Opened in 1933 by Nathan Glickberg, Fairway spent its first several decades as a simple Upper West Side fruit-and-vegetable stand before expanding to become a full-on grocer, at Broadway and West 74th Street, in 1954. (This was when it took on the name Fairway). Run by Nathan and his son, Leo, Fairway spent the next two decades as a popular local store with only four cash registers, offering solid deals on fruit, vegetables and penny candy.
Leo’s son Howie came aboard in 1974 with dreams of expansion. Along with partners Harold Seybert and David Sneddon, Howie Glickberg launched Fairway’s next phase, according to Fairway’s website.
They began offering a greater assortment of goods, seeking out exotic, hard-to-find items. By the 1980s, they expanded into the space next door (the current address is 2131 Broadway).
Fairway opened its second location in Harlem, at 2328 12th Avenue between West 132nd and West 133rd Streets, in 1995. The new store, which features a “Cold Room” with vast offerings of meat and more, grew so popular that The New York Times once called shopping there “a test of endurance.”
The slow, measured expansion rolled on, with its first Long Island store opening in 2001, and its massive Red Hook, Brooklyn branch following in 2006. As Fairway’s popularity spread, it was clear that the store was offering not just great products, but a more fulfilling shopping experience.
“They brought an attitude to retailing that was unique,” said Jon Springer, a reporter for the food distribution trade publication Supermarket News. “They had a brashness, an energy and a charisma you wouldn’t associate with chain retailers. Fairway demonstrated that food could be fun and exciting. It didn’t have to be a drudge trip to a boring parking lot.”
In 2007, with his partners ready to retire, Howie Glickberg recruited Sterling Investment Partners, a Westport, Conn.-based private equity firm, to help expand the chain. Sterling, which had never operated in the grocery industry, took an 80 percent ownership in Fairway with a $150 million investment, and new stores began appearing at a brisk pace, with at least one—sometimes as many as three—opening every year between 2009 and 2014. In addition to the city, Fairway branched further into the suburbs, opening stores in New Jersey, Westchester and Connecticut.

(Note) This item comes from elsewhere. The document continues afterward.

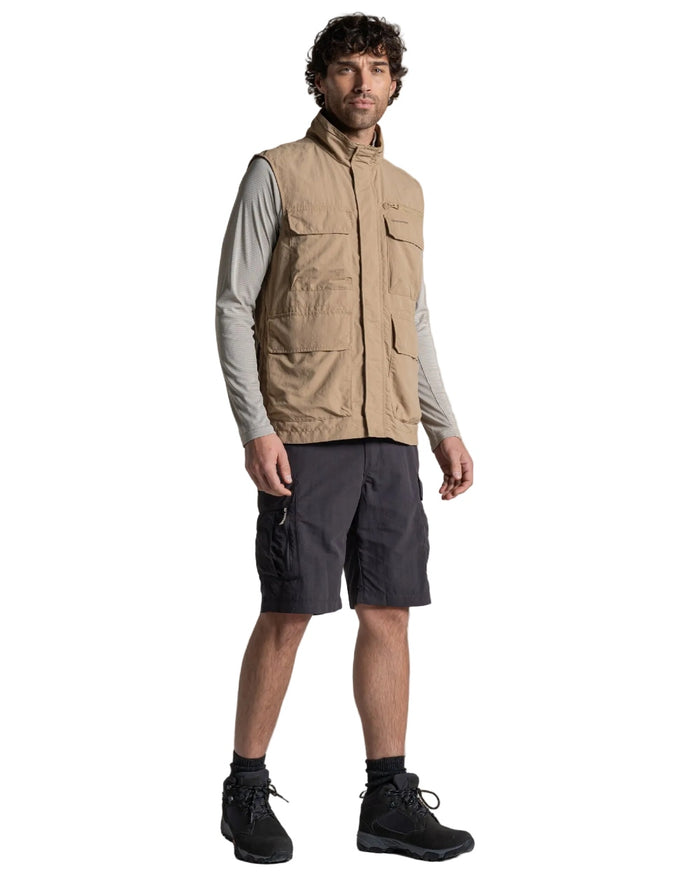 Earthenware coloured Craghoppers Mens NosiLife Adventure Gilet V on white background #colour_earthenware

When the chain opened its two-story, over 40,000-square-foot Upper East Side location in July 2011, Howie Glickberg told The Wall Street Journal that the new store would bring a touch of the suburbs to the city, citing its wider aisles, and calling it a “nicer experience than your typical New York City store.” Charles Santoro, Sterling’s managing partner, told the paper the stores then did about “$550 million in sales,” with expectations of surpassing $1 billion by the end of 2012.
But in planning its massive expansion and then taking itself public, Fairway overreached.
In a prospectus filed with the SEC in September 2012 by Fairway Group Holdings Corp., the company declared the intent—based on two distinct store models: one urban, one suburban—to open “three to four stores” annually in the Greater New York metropolitan area, “primarily in suburban locations.” Over time, the plan called for “up to 90 stores” in the Northeast, and “more than 300 additional stores” throughout the U.S.
When the company went public in April 2013, shares rose 33 percent on the stock’s first day and, according to Fortune, “surged an additional 60 percent over the next three months.” At its peak, the magazine noted, Fairway was valued at “a little over $835 million,” or “$75 million per existing store at the time.” That August, the company announced that Fairway would be the anchor grocer for Hudson Yards, with a site of over 45,000 square feet residing on the ground floor of the new neighborhood’s 52-story South Tower, next to the High Line.
*
It soon became clear, though, that the IPO and the expansion had been poorly-timed and ill-planned.
After reaching a high of $28 a share in July 2013, according to Crain’s New York Business, the stock price plummeted to just $3.76 by September 2014, and would continue to fall over the coming year. Shareholders filed lawsuits, alleging misleading financial information, and the company cycled through three chief executive officers in one year. Current company head, Jack Murphy, the co-founder of Fresh Fields, came aboard in September 2014. (Fairway did not directly comment for this story but directed Commercial Observer to past disclosure statements.)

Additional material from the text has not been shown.